Follow appropriate handling methods when working with AMPure XP and RNAClean XP Beads:

  • Prior to use, allow the beads to come to room temperature.
  • Do not reuse beads. Always add fresh beads when performing the procedures.
  • Immediately prior to use, vortex the beads until they are well dispersed. The color of the liquid should appear homogeneous.
  • When performing a low sample protocol:
    • After adding the beads to the reaction, mix the solution gently and thoroughly by pipetting up and down 10 times, making sure the liquid comes in contact with the beads and that the beads are resuspended homogeneously.
    • Pipetting with the tips at the bottom of the well and not pipetting the entire volume of the solution helps prevent the solution from foaming. Excessive foaming leads to sample loss, because the foam is not transferred out of the plate efficiently.
  • When performing a high sample protocol, after adding the beads to the reaction, seal the plate and shake the plate on a microplate shaker at 1,800 rpm for 2 minutes. Repeat, if necessary, until the color of the mixture appears homogeneous after mixing.
  • Take care to minimize bead loss which can impact final yields.
  • Change the tips for each sample.
  • Let the mixed samples incubate at room temperature for the full duration specified in the protocol to ensure maximum recovery.
  • When aspirating the cleared solution from the reaction plate and wash step, it is important to keep the plate on the magnetic stand and to not disturb the separated magnetic beads. Aspirate slowly to prevent the beads from sliding down the sides of the wells and into the pipette tips.

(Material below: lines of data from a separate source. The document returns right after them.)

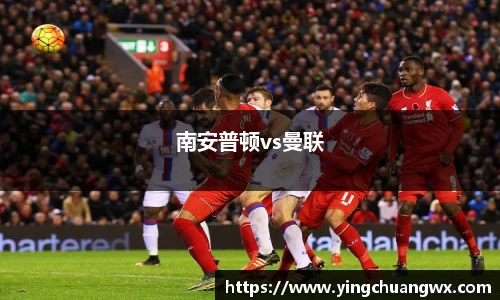 南安普顿vs曼联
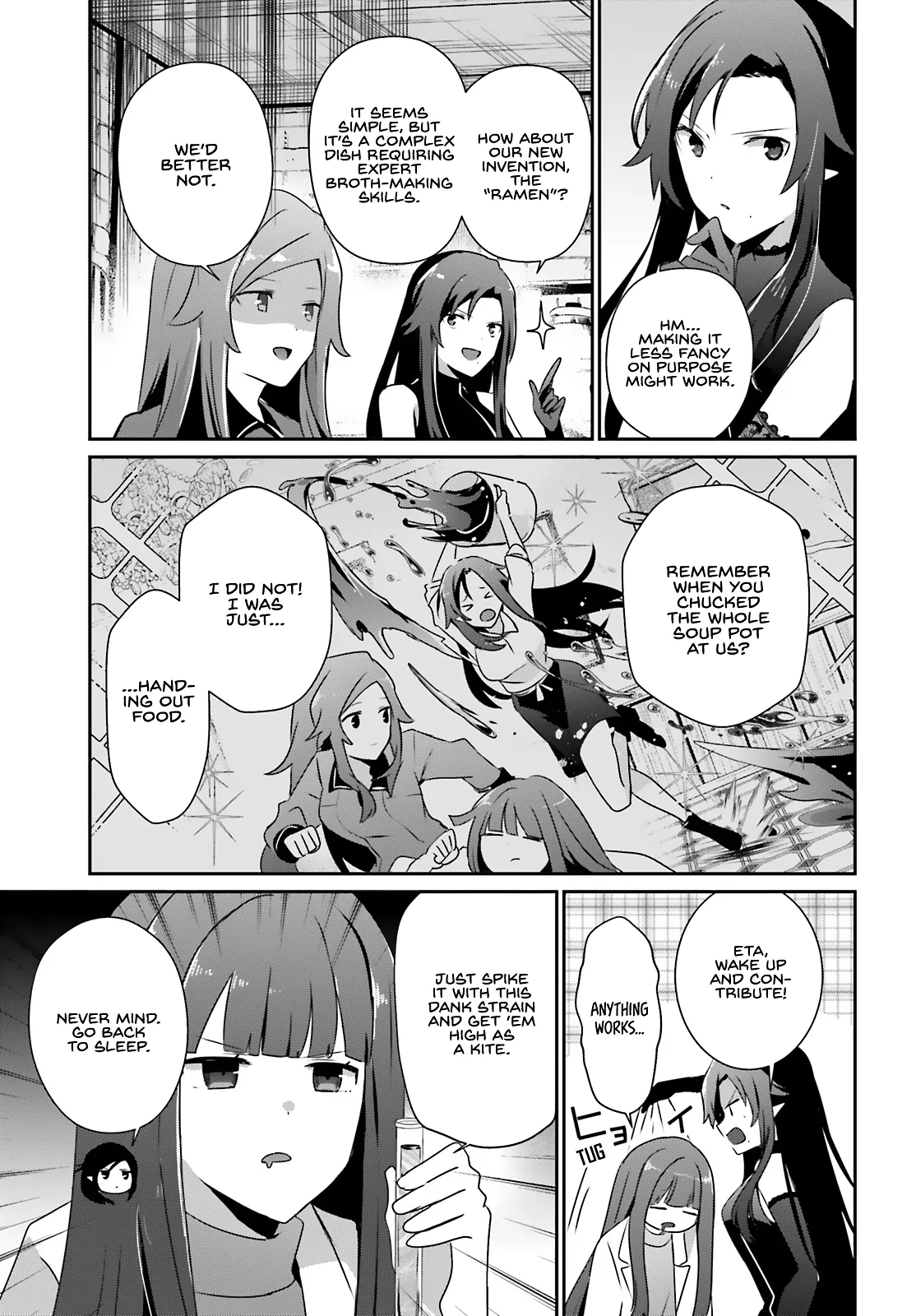 Kage no Jitsuryokusha ni Naritakute Chapter 75 4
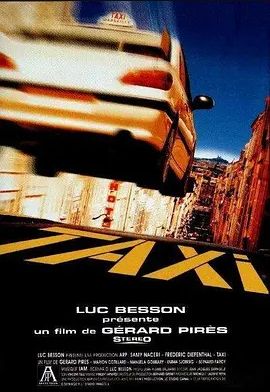 的士速递1998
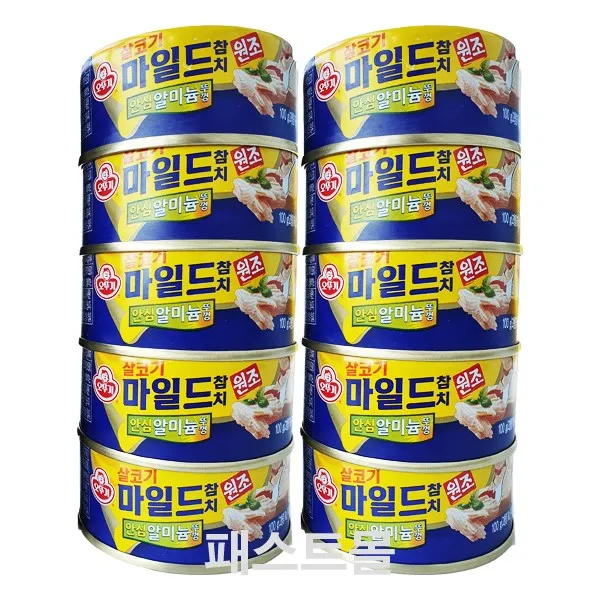 오뚜기 살코기 마일드참치 10개 100g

  • To prevent the carryover of beads after elution, approximately 2.5 μl of supernatant are left when the eluates are removed from the bead pellet.

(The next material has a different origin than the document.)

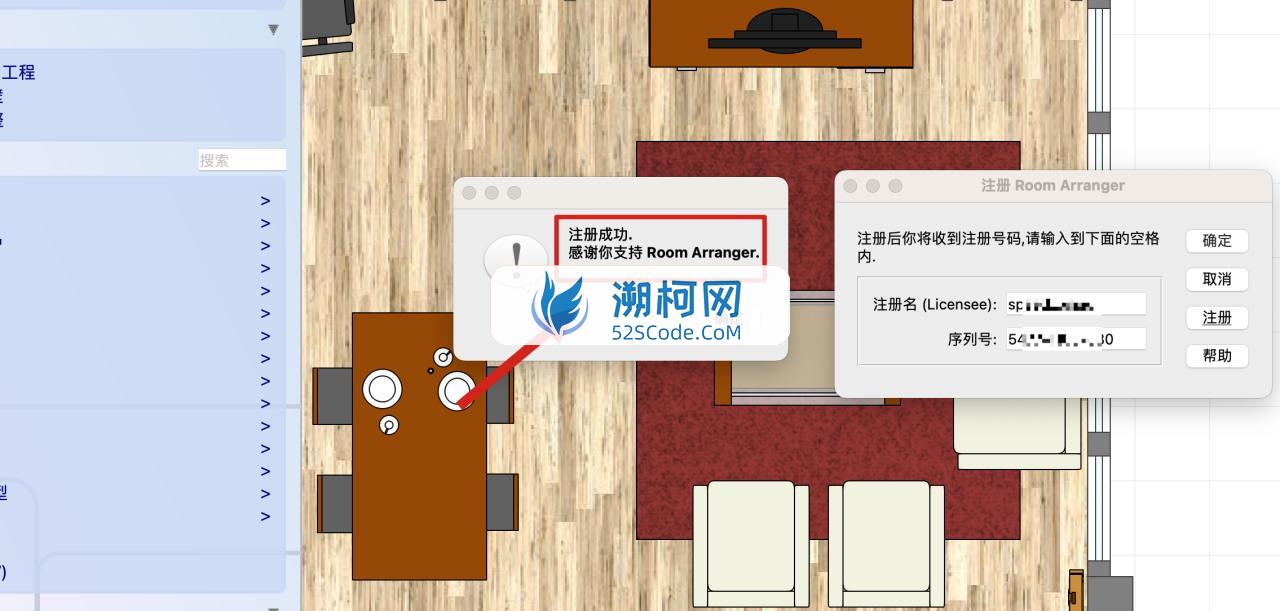 Room Arranger for mac v9.8.2.644中文激活版 房屋布局设计软件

  • Always prepare fresh 70% and/or 80% ethanol, as required in the protocol. Ethanol tends to absorb water from the air, therefore, fresh 70% and/or 80% ethanol should be prepared for optimal results.
  • Be sure to remove all of the ethanol from the bottom of the wells, as it may contain residual contaminants.
  • Keep the reaction plate on the magnetic stand and let it air-dry at room temperature to prevent potential bead loss due to electrostatic forces. Allow for the complete evaporation of residual ethanol, as the presence of ethanol will impact the performance of the subsequent reactions. Illumina recommends at least 15 minutes drying time, but a longer drying time may be required. Remaining ethanol can be removed with a 20 μl pipette.
  • Use the Elution Buffer (ELB) for RNA elution.
  • Avoid over drying the beads, which can impact final yields.
  • When performing a low sample protocol, resuspend the dried pellets using a single channel or multichannel pipette.
  • When performing a high sample protocol, resuspend the dried pellets by shaking.
  • When removing and discarding supernatant from the wells, use a single channel or multichannel pipette and take care not to disturb the beads.
  • To maximize sample recovery during elution, incubate the DNA/bead mix for 2 minutes at room temperature before placing the samples onto the magnet.